**What you have to do:** Repeat only the lines from the one containing "2024 Mazda Mazda3 Select Sport - Photo 3" to the final line below, exactly as they read, and leave every picture out.

--- The data ---

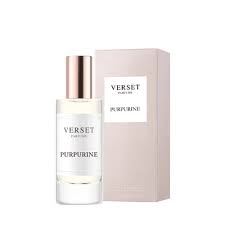 Parfum Verset Purpurine 15 ml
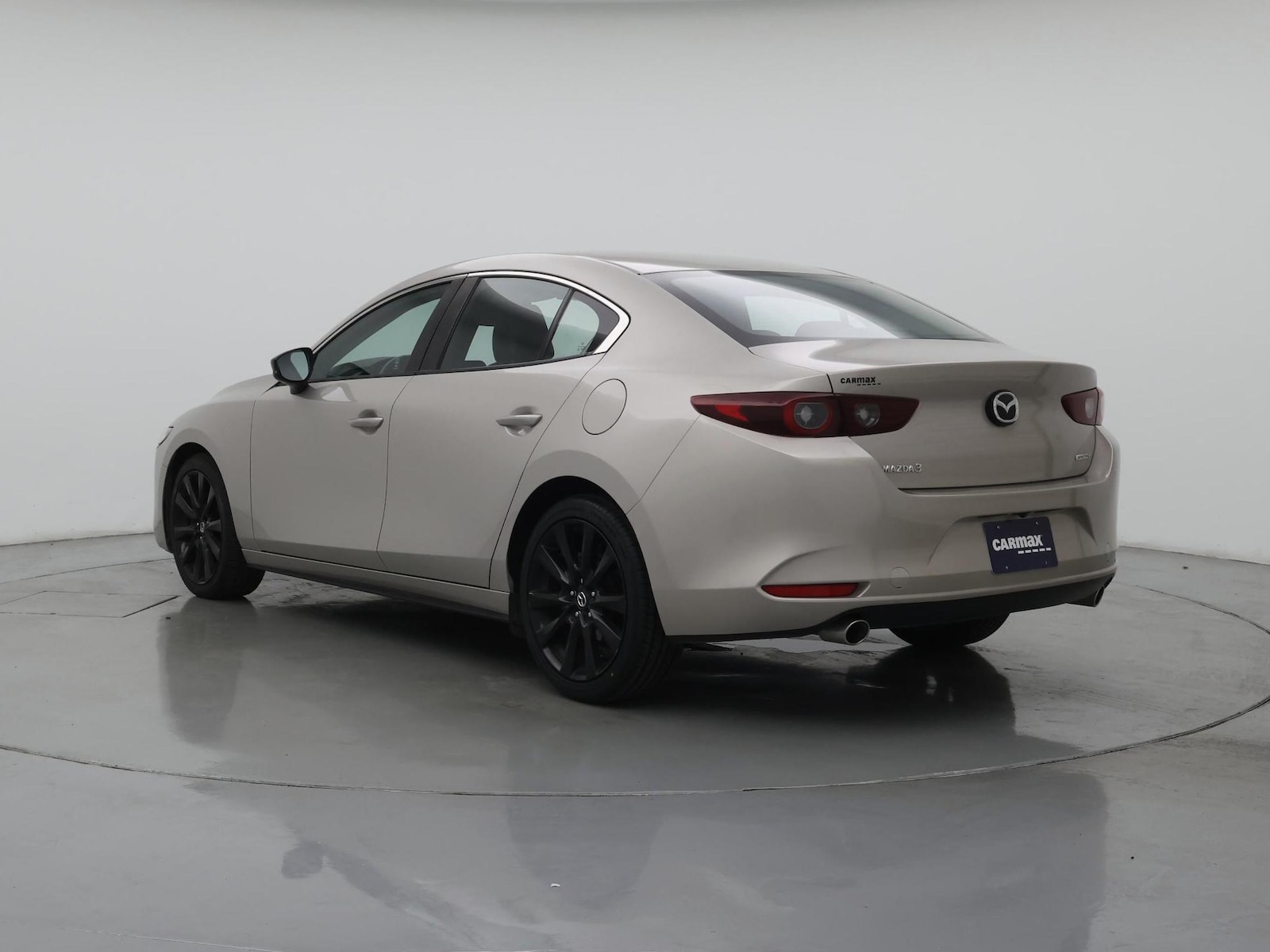 2024 Mazda Mazda3 Select Sport - Photo 3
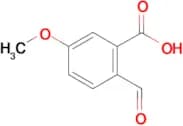 2-Formyl-5-methoxy-benzoic acid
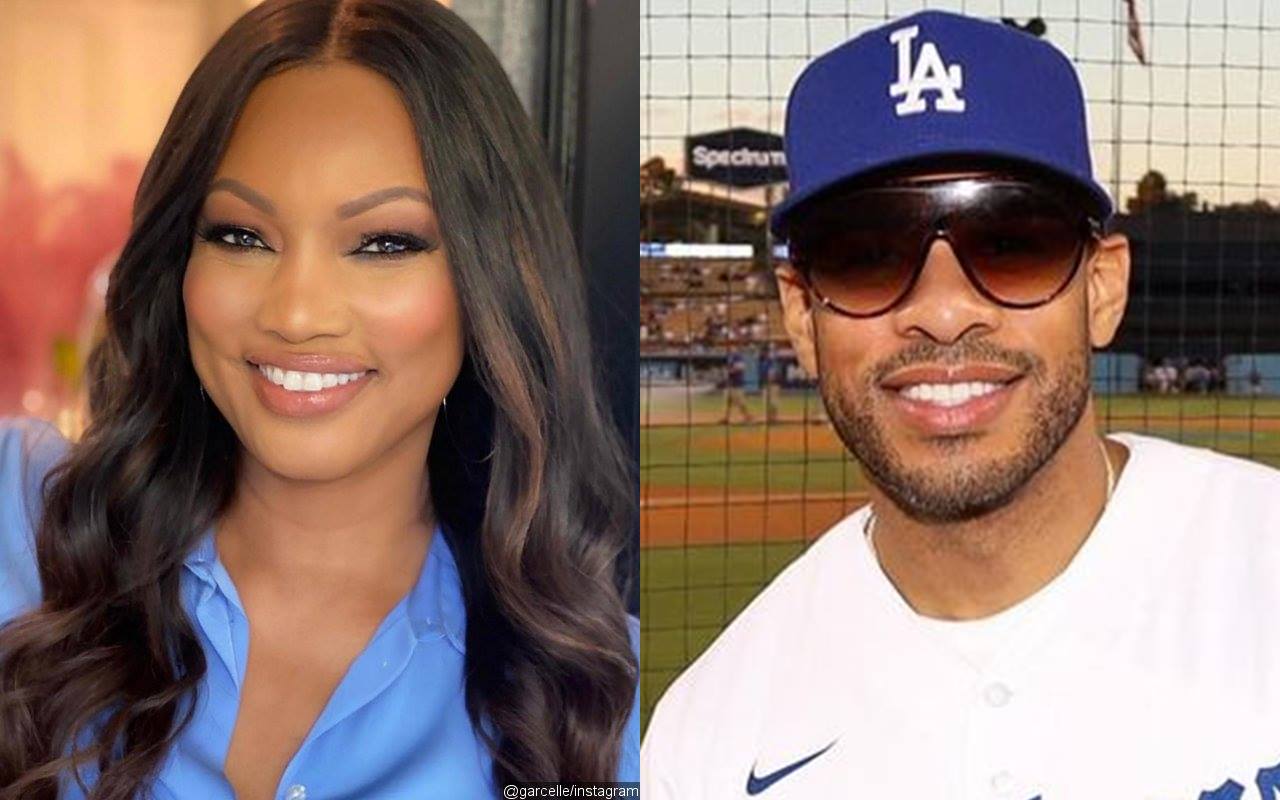 Garcelle Beauvais Shoots Her Shot at GMA's Newest Anchor DeMarco Morgan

---

**Worked solution:**
 2024 Mazda Mazda3 Select Sport - Photo 3
 2-Formyl-5-methoxy-benzoic acid
 Garcelle Beauvais Shoots Her Shot at GMA's Newest Anchor DeMarco Morgan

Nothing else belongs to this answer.